Overview
Innovate & Deliver: Design, build, test, and deploy end-to-end AI search solutions using neural information retrieval techniques, semantic and hybrid search, and re-ranking approaches. Develop models for information retrieval, semantic search, document re-ranking, and query understanding, including dense retrieval architectures, semantic chunking models, embedding models, cross-encoders, SLM re-rankers, and transformer-based LLM-driven approaches. Work in collaboration with engineering to ensure well-managed software delivery and reliability at scale.
Evaluate & Optimize: Develop comprehensive data and evaluation strategies for both component-level and end-to-end quality, leveraging expert human annotation and synthetic data generation. Apply robust training and evaluation methodologies to optimize retrieval quality and latency.
Drive Technical Decisions: Independently determine appropriate retrieval architectures, indexing strategies, ranking models, data, and evaluation strategies for IR and NLP problems. Solve search relevance, ranking, and scalability challenges in a self-directed manner while contributing effectively as part of a multidisciplinary team.
Align & Communicate: Partner closely with Engineering and Product to translate complex challenges into scalable, production-ready solutions. Engage stakeholders to deeply understand business problems and domains, shaping objectives and goals that align AI search capabilities with product needs and business objectives.
Advance the Field: Publish at top venues (e.g., SIGIR, ECIR, NeurIPS, ACL, EMNLP, ICLR) and contribute to patents to keep our solutions cutting-edge and competitive.
Company:
Thomson Reuters
Qualifications:
PhD in Computer Science, AI, or a related field, or a Master’s with equivalent research/industry experience.
3+ years of hands-on experience building and deploying modern search or RAG systems with neural retrieval methods and deep learning models for NLP.
Strong background in information retrieval fundamentals, including indexing, query processing, ranking and relevance modelling.
Strong programming skills (e.g., Python) and experience with modern deep learning frameworks (e.g., PyTorch, DeepSpeed, Torchtune, LlamaFactory).
Proven ability to translate complex problems into innovative AI applications.
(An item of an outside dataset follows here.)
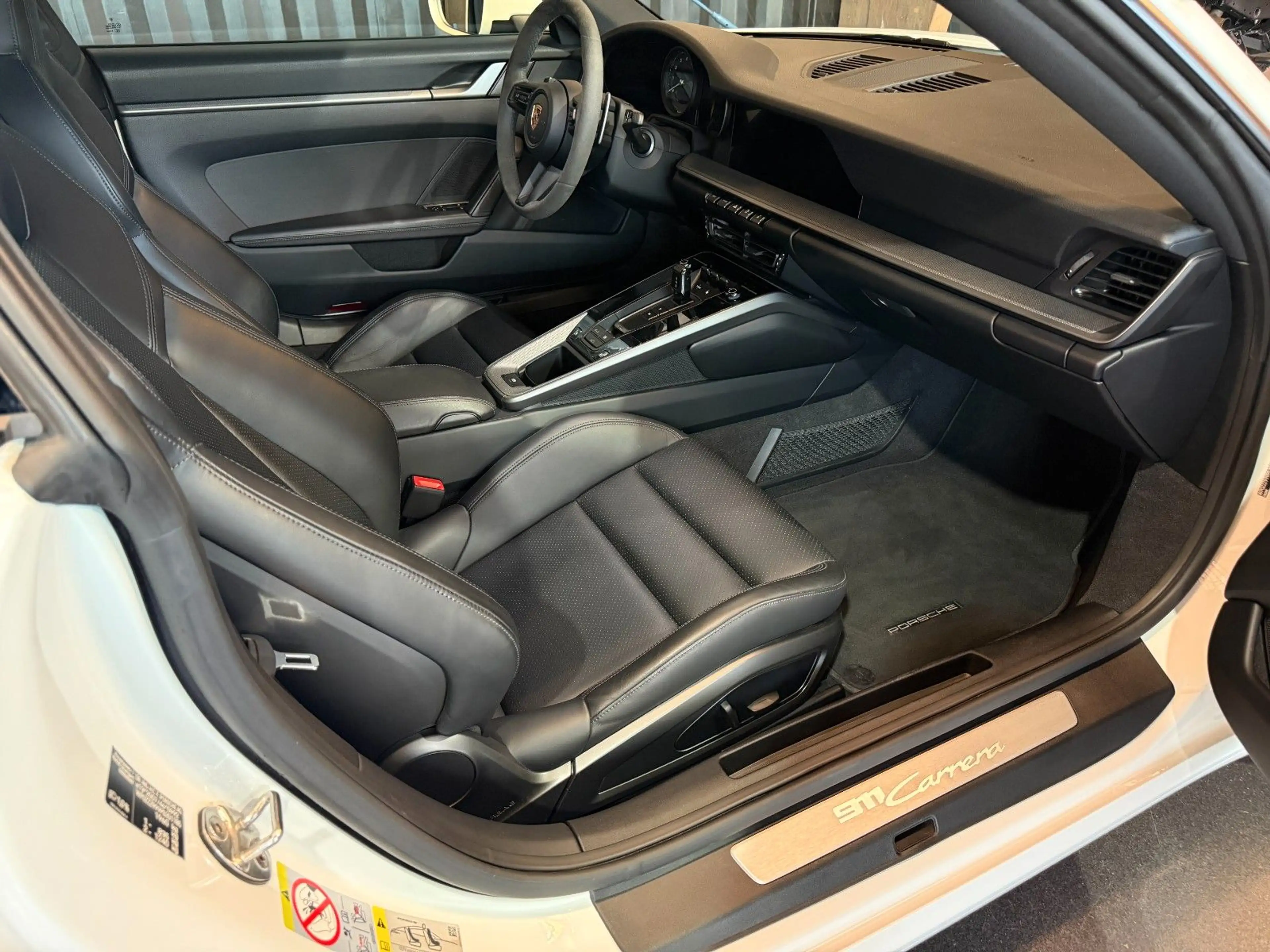 Porsche 911 Carrera (Approved|Sportabgasanlage|CarPlay) — photo 13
Publications at relevant venues such as SIGIR, ECIR, NeurIPS, ACL, EMNLP, ICLR.
Technical Qualifications
Deep understanding of neural information retrieval fundamentals: BM25, hybrid search, dense retrieval (e.g., DPR, ColBERT), cross-encoders, bi-encoders, late interaction models
Hands-on experience designing and implementing search or RAG systems: vector databases, retrieval strategies, document chunking, metadata filtering, hybrid search, re-ranking, context optimization, and orchestration
Experience developing relevant datasets and evaluation frameworks
Solid understanding of ML and deep learning approaches for NLP
Solid understanding and experience with post-training of large language models and their application to retrieval systems
Preferred Qualifications
Extensive prior work on search, question answering or RAG over large corpora and long documents, including experience with legal or enterprise search systems
Experience with multi-stage or agentic retrieval architectures and query understanding for complex information needs.
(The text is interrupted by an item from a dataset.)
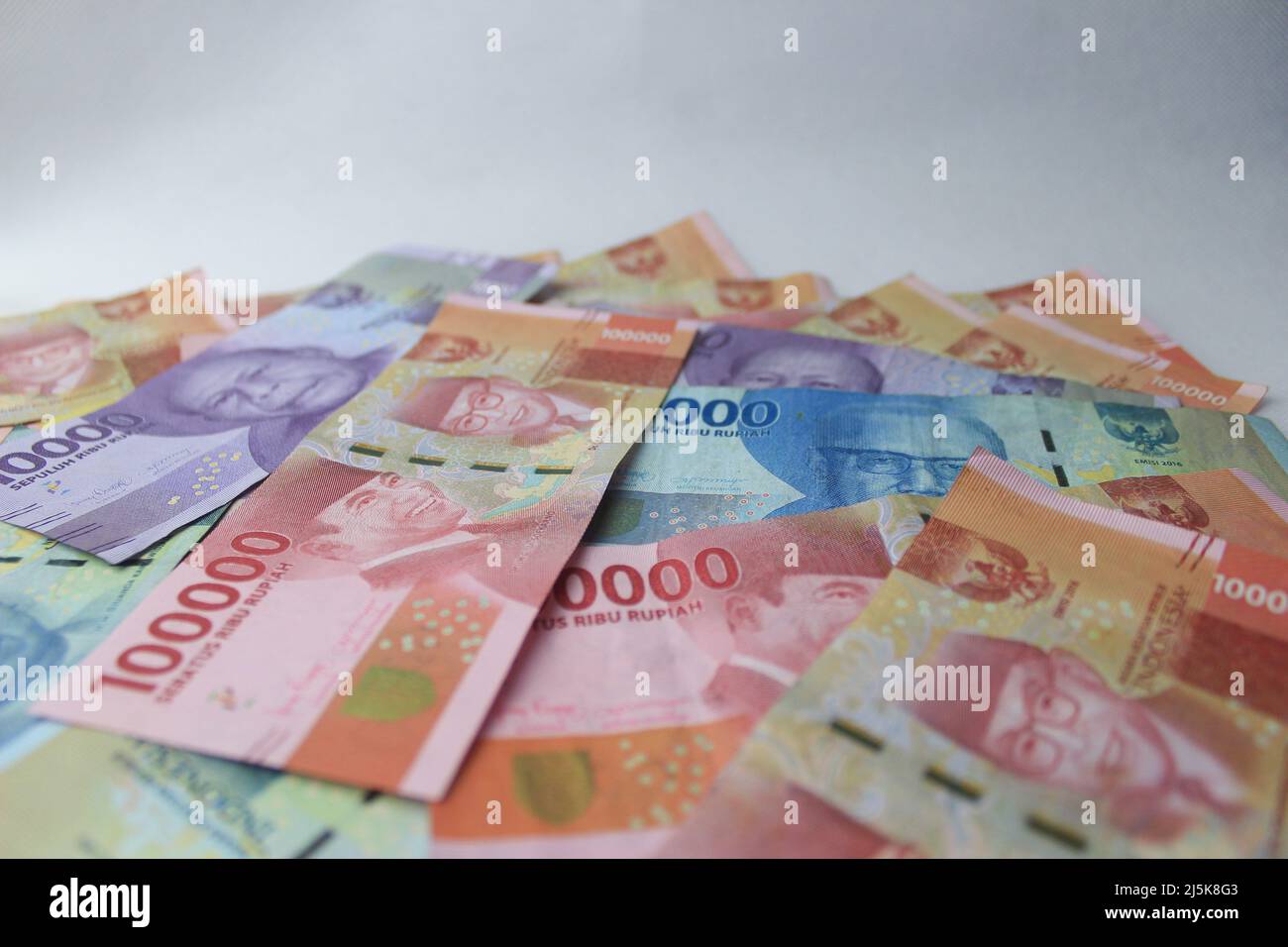 Money indonesia Banque de photographies et d'images à haute résolution -  Alamy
Experience building applications for the legal domain (e.g., legal search, case law retrieval, precedent finding, document review, document drafting).
Publications at relevant venues such as SIGIR, ECIR, NeurIPS, ACL, EMNLP, ICLR.
Educational level:
Ph. D.
Level of experience (years):
Mid Career (2+ years of experience)
About Thomson Reuters
Thomson Reuters delivers critical information from the financial, legal, accounting, intellectual property, science, and media markets.